Again, we were brought in to incorporate the results of VoC into the day-to-day operations of the company. Our first step was to understand all data sources and develop an integration plan. We established VoC listening posts at both strategic and tactical levels and developed intervention strategies through informational sessions, direct hands-on workshops, and direct communication with the new CEO regarding strategic planning. Our efforts centered on breaking down barriers and resistance to change.
Success came in stages. Our major accomplishment was the establishment of cross-functional implementation teams who translated customer requirements for performance into market-focused process improvements. As growth objectives began to be met, the new CEO attributed much of the improvement to better alignment of functional processes with external customer requirements. This was a direct result of data integration efforts. Revenue has grown year-over-year by at least 10 percent for the last three years and net profits have increased 4–5 percent year-over-year.
Retention – Reducing Churn
This organization is the result of a merger between two leading companies. The combination created a giant that aspired to take on the two market leaders. The company operated a nationwide customer network with more than 50 million subscribers and was valued at $35 billion.
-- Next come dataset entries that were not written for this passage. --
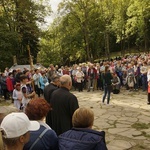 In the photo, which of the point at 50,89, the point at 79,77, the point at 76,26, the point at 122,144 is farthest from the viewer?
the point at 76,26

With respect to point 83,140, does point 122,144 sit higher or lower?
lower

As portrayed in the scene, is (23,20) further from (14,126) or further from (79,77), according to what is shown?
(14,126)

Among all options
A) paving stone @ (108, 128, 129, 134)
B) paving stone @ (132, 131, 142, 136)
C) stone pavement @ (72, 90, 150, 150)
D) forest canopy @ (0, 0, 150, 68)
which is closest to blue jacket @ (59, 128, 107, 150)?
stone pavement @ (72, 90, 150, 150)

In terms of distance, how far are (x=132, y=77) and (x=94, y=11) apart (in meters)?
30.1

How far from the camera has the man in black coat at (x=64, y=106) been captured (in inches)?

Since the merger, the combined company struggled to drum up and retain new customers and used layoffs in two consecutive years to cut costs.
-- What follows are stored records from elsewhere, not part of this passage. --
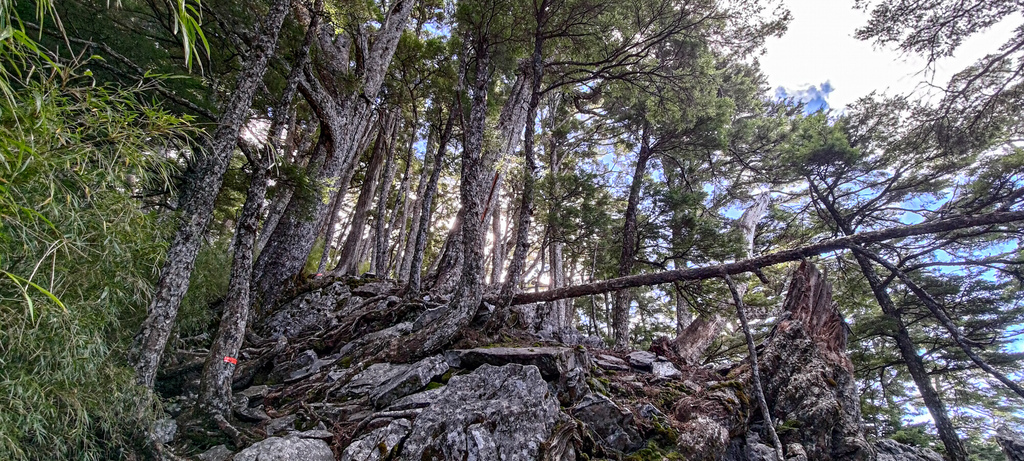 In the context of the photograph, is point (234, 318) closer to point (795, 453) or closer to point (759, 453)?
point (759, 453)

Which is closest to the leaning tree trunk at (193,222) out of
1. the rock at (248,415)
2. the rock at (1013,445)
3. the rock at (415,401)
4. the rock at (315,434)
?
the rock at (248,415)

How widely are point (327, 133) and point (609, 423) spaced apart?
21.7 feet

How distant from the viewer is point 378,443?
340 cm

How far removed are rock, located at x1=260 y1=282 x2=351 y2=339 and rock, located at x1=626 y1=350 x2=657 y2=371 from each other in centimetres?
523

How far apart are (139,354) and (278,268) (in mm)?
4035

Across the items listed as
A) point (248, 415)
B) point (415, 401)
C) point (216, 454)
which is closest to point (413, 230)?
point (248, 415)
The merger resulted in technical snags due to each organization using somewhat different technology. The integration of the two companies proved more difficult than anticipated, and the resulting quality problems contributed to customer defections. This company suffered a notable loss when it was excluded from bidding on government contracts worth billions.
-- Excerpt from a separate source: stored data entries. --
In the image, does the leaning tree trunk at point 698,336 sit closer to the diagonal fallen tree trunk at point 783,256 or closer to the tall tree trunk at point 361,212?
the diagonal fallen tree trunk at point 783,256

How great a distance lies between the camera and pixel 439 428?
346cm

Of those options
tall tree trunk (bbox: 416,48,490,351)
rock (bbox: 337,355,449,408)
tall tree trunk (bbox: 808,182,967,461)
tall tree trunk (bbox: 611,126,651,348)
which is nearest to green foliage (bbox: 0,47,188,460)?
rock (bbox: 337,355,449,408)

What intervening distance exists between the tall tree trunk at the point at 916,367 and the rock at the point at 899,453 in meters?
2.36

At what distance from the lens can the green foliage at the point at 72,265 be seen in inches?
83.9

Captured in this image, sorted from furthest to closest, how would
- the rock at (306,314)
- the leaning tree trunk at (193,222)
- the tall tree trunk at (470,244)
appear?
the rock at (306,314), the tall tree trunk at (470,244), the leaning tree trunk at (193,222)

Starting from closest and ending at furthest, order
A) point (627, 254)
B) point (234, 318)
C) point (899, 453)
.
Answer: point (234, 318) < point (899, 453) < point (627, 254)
The new organization conducted a monthly VoC monitoring program among a myriad of custom research studies. The data appeared to show little movement in the overall indices used to monitor customer loyalty. All levels of the organization supported VoC listening post initiatives; however, the data was not always available to key decision makers at the right times. Furthermore, the data was also used as a stick rather than a carrot. While management supported VoC, no follow-up for accountability or action implementation was established. In addition, understanding about continuous improvement methods was low. The implications discovered in the data were not clear and provided no strong guidance for reducing churn. Lastly, VoC data was not linked to any other data source or internal business process metric.
We were able to review end-to-end research processes to identify potential areas for improvement and change so that data would be more user-friendly and available for action planning. Part of this process involved a data integration review. We developed communication schemes and conducted workshops on how to gain access to the data and what to do with it once it was available. Action planning and deployment activities incorporated information and actions into the appropriate functional areas. And again, we were invited to participate in the strategic planning process and put forth an ongoing plan of data integration as the company continued to restructure and grow.
During the fiscal year following the process improvement implementations, the overall information services budget had been reduced by 27 percent through a more consolidated approach to running primary research. This research was now directly linked to internal business process metrics. While churn continues to be an issue for this company, the main bleeding of customers has been alleviated. Churn rates have slowed into the single digits from the mid-double digits.
These case studies provide illustrations of how integrating data from multiple sources can help to achieve primary business objectives such as acquiring new customers in order to grow market share, improve performance, eliminate barriers to share-of-wallet growth, and reduce churn.